**EXERCISE DESCRIPTION**
Could the listing be repeated exactly, with every picture dropped?

**PROVIDED DATA**
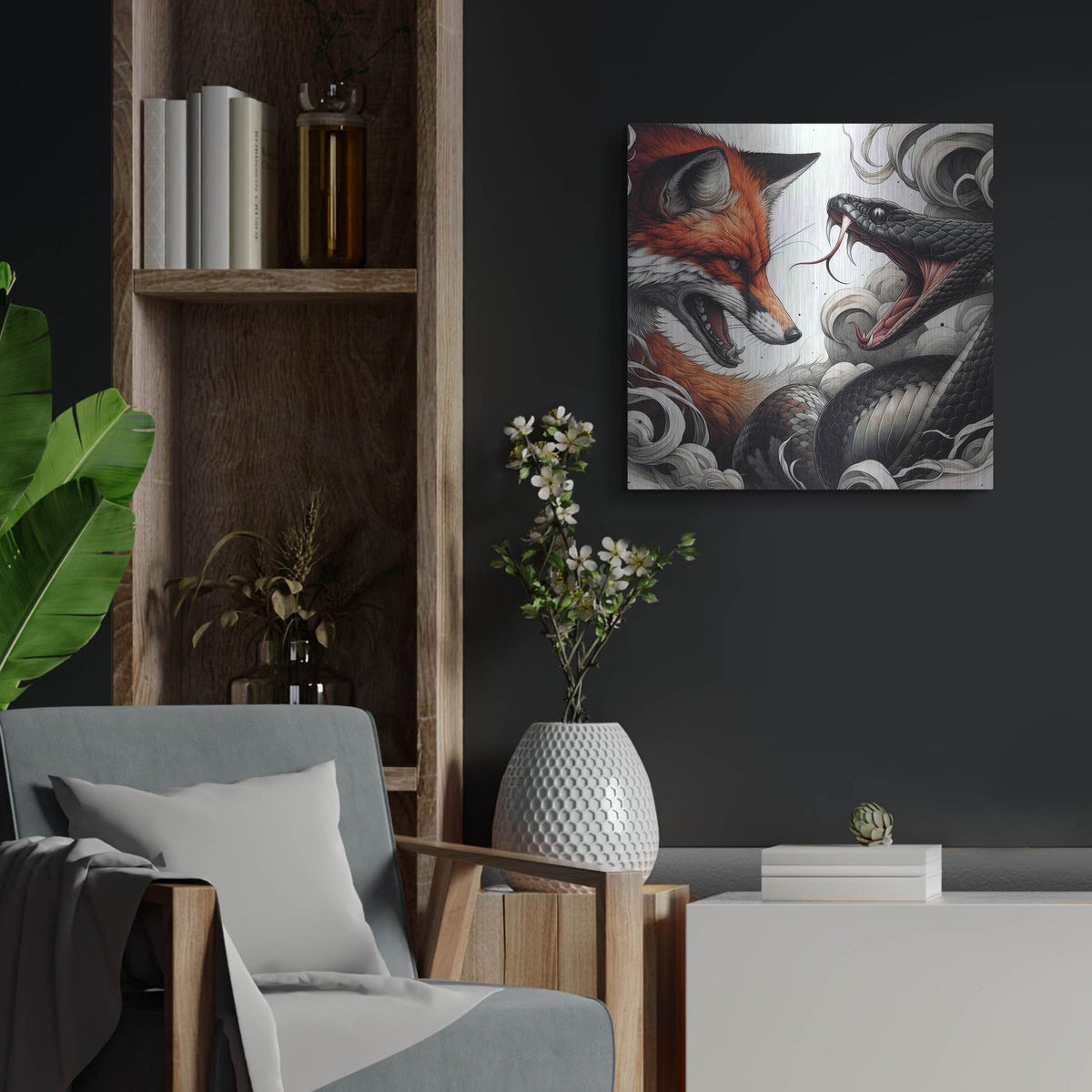 'Fox And Snake' by Rich Monet Metal Wall Art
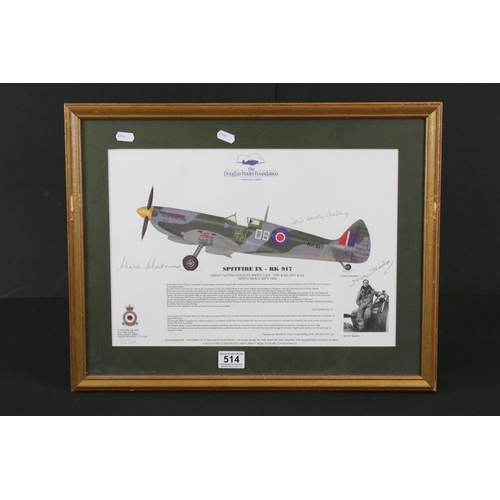 514 - A framed and glazed Douglas Bader Foundation Spitfire print signed with various signatures to includ... 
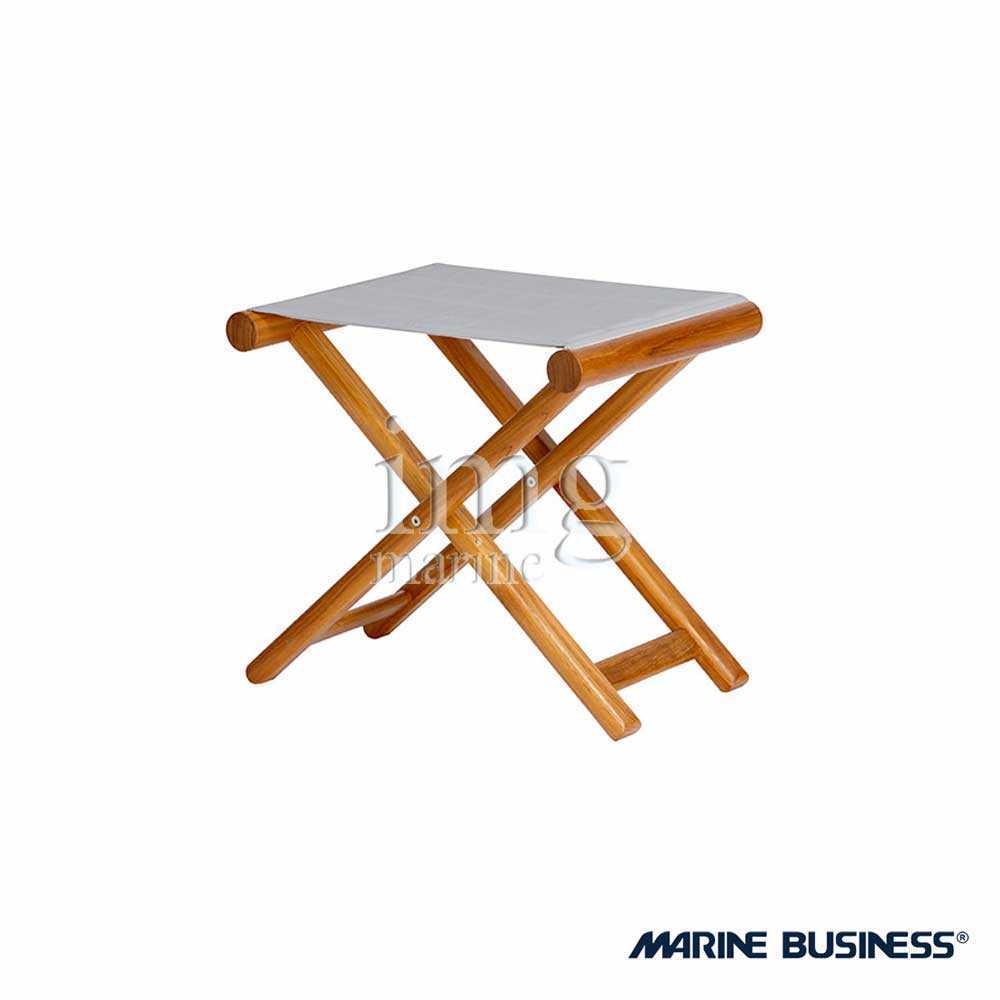 Sgabello pieghevole in Teak con seduta colore Grigio Marine Business Sgabello pieghevole in Teak con seduta colore Grigio Marine Business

**SOLUTION TO THIS EXERCISE**
 'Fox And Snake' by Rich Monet Metal Wall Art
 514 - A framed and glazed Douglas Bader Foundation Spitfire print signed with various signatures to includ... 
 Sgabello pieghevole in Teak con seduta colore Grigio Marine Business Sgabello pieghevole in Teak con seduta colore Grigio Marine Business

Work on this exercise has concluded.